EXERCISE:
The lines from the one holding "Pivot Works Kawasaki" to the final line of the listing below are to be duplicated exactly, with both ends included and pictures omitted.

THE DATA:

=== Section Start ===

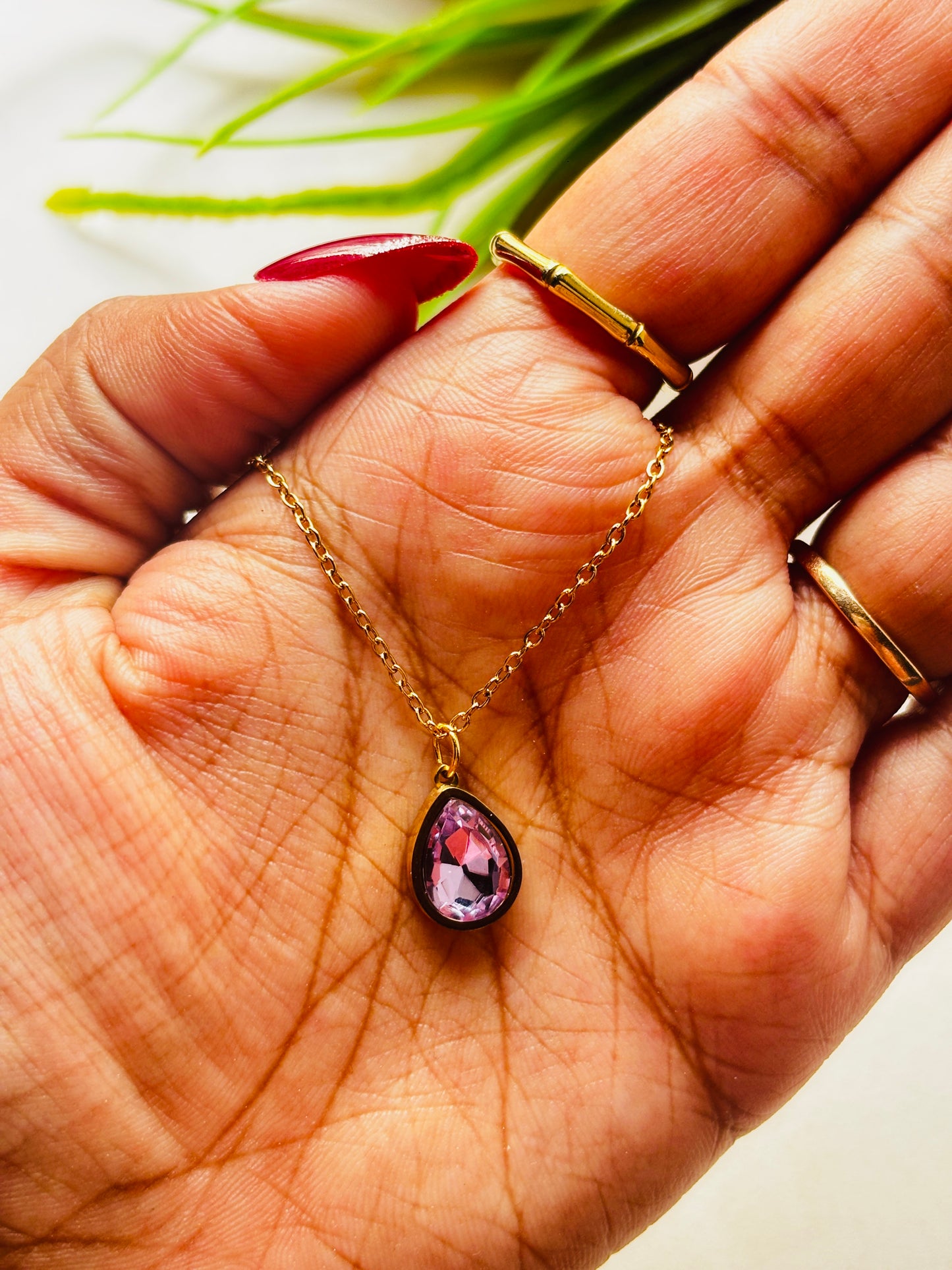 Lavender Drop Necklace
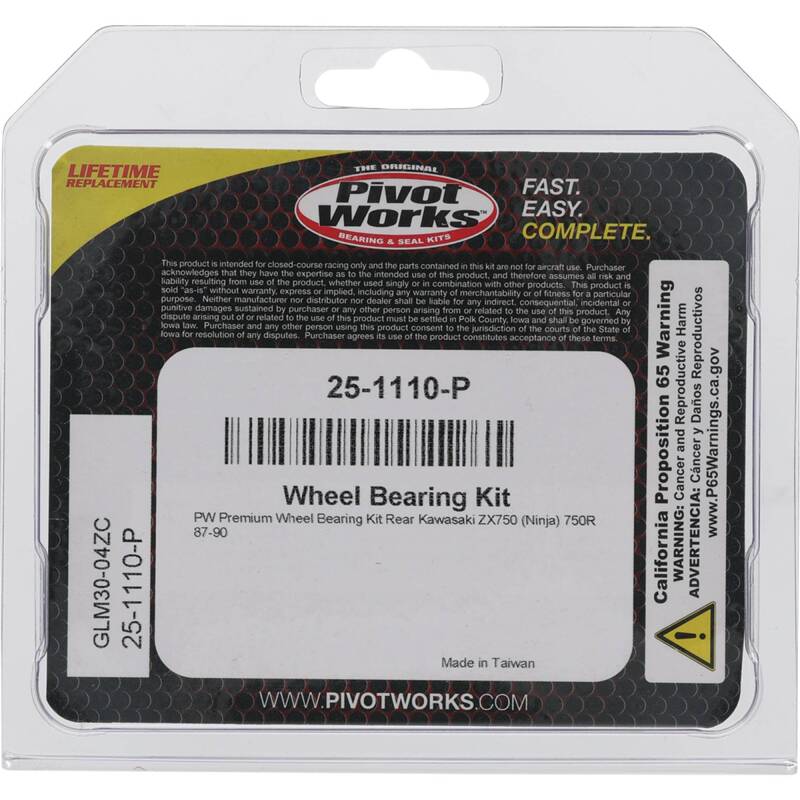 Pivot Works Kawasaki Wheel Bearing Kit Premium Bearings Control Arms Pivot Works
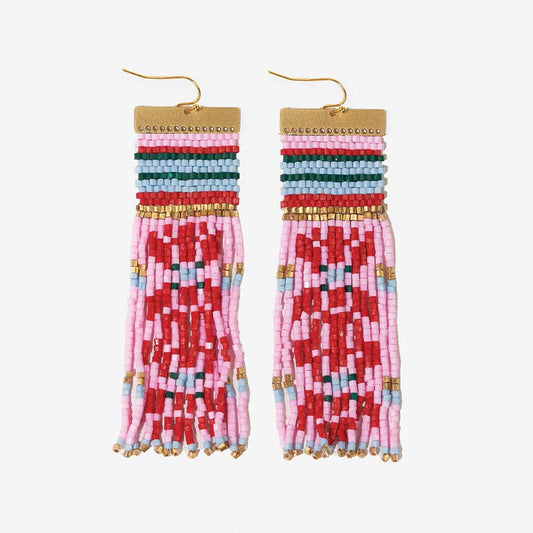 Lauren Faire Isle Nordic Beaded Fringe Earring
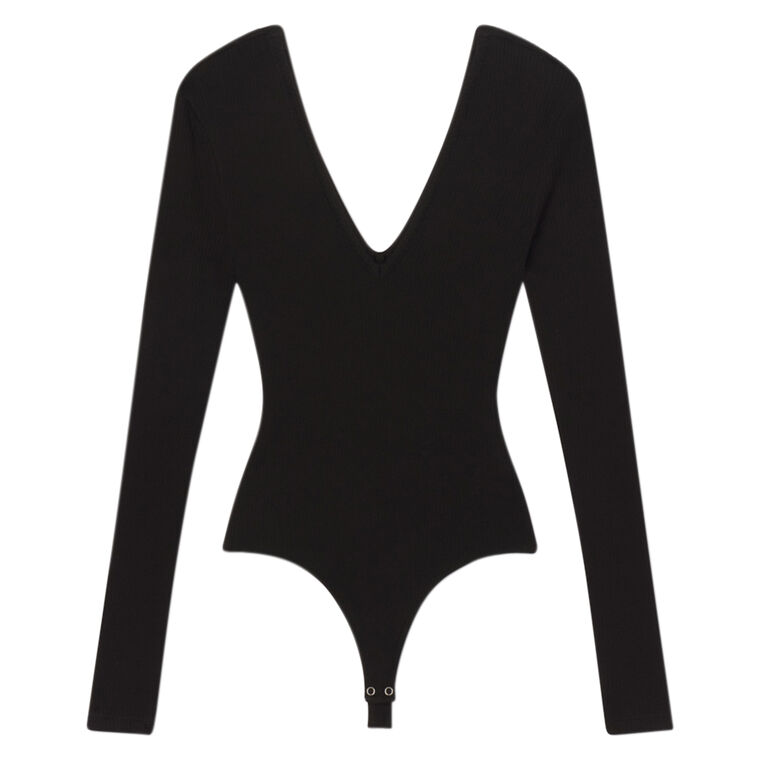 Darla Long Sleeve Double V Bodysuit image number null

=== Section End ===

SOLUTION FOR THIS TASK:
 Pivot Works Kawasaki Wheel Bearing Kit Premium Bearings Control Arms Pivot Works
 Lauren Faire Isle Nordic Beaded Fringe Earring
 Darla Long Sleeve Double V Bodysuit image number null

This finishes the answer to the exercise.